You say that $\kappa$ admits a $[0,1]$-valued measure, but actually, it is a $\{0,1\}$-valued measure; every subset of $\kappa$ has measure $0$ or $1$. If I am understanding your suggestion, you intend to measure subsets of the hyperreal unit interval $[0,1]$, which has size $\kappa$, by using that measure. Thus, every subset will continue to have measure either $0$ or $1$, and such a measure is never translation invariant. For example, if we cut the interval in half, then one half will have measure $1$ and the other will have measure $0$.

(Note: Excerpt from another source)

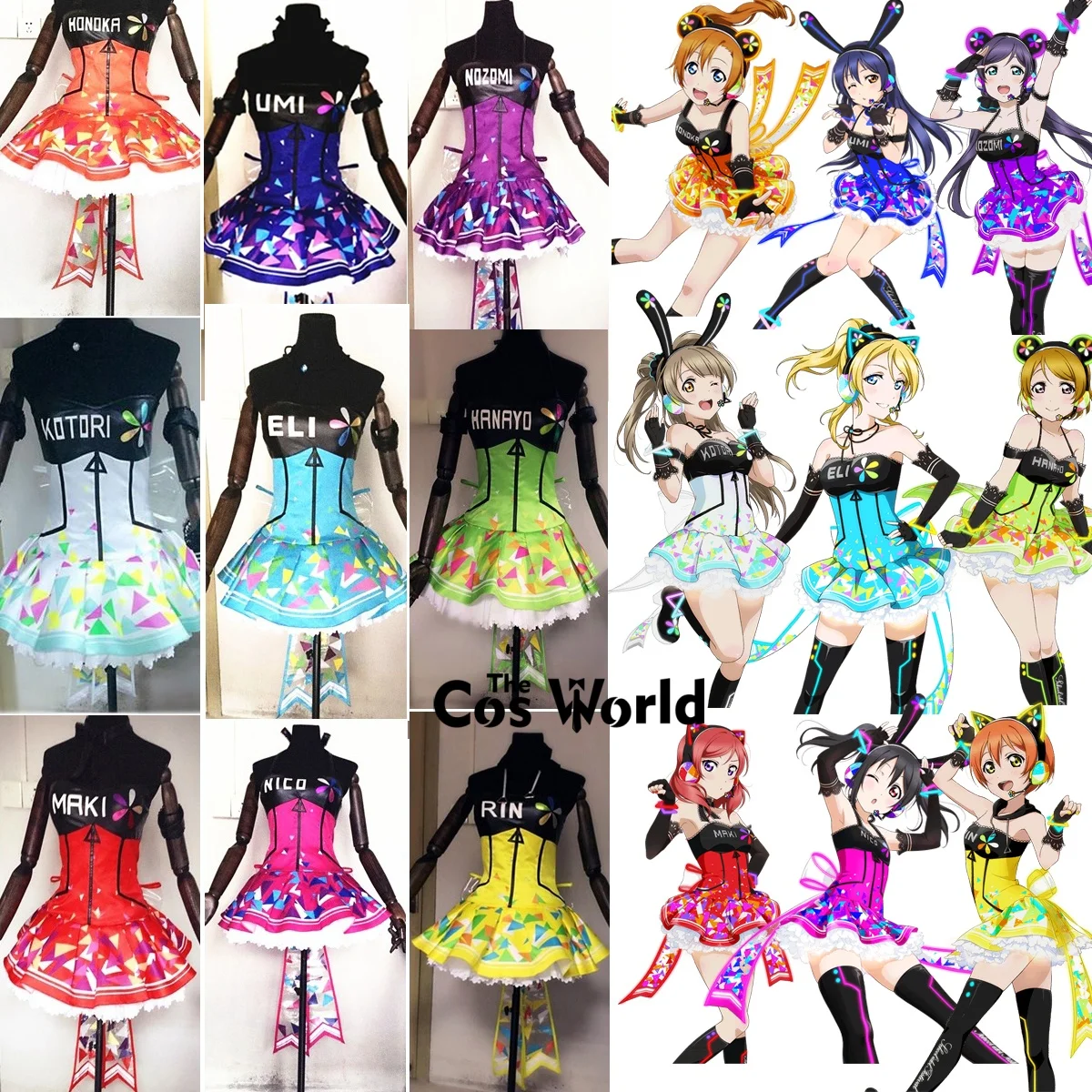 Love Live Cyber-9 персонажи Kousaka Honoka Minami Kotori Sonoda Umi Yazawa Nico Hoshizora Rin наряды аниме костюмы для косплея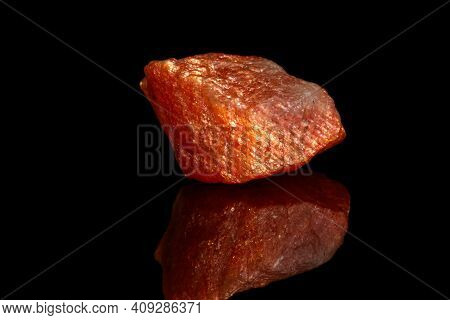 Macro Mineral Stone Nepheline Sunny Stone Black Background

• Yes, that is correct, using a 2-valued measure you can construct such measures. For example, give yourself $\omega$ many sets of size $\kappa$, and decree that the $n^{th}$ one has value $2^{-n}$, using the original 2-valued measure to measure subsets; now measure subsets of the disjoint union by adding up. – Joel David Hamkins Sep 12 '15 at 23:37
• Such a measure has the property, however, that there are sets of measure $\frac12$, such that all subsets of it have measure either $0$ or $\frac12$, and this will not be true of any translation invariant measure of the kind you seek. – Joel David Hamkins Sep 12 '15 at 23:39
This is NOT an answer but a question related to the original question. Take $R^*=R$, the usual reals, then $R^{**}$ is $R^*$, a non-Archimedean extension. By your 3 and 4, the measure of the whole of $R$ is a sum of infinitely many ($\omega$) values $1$. How this can be a value in $R^*$?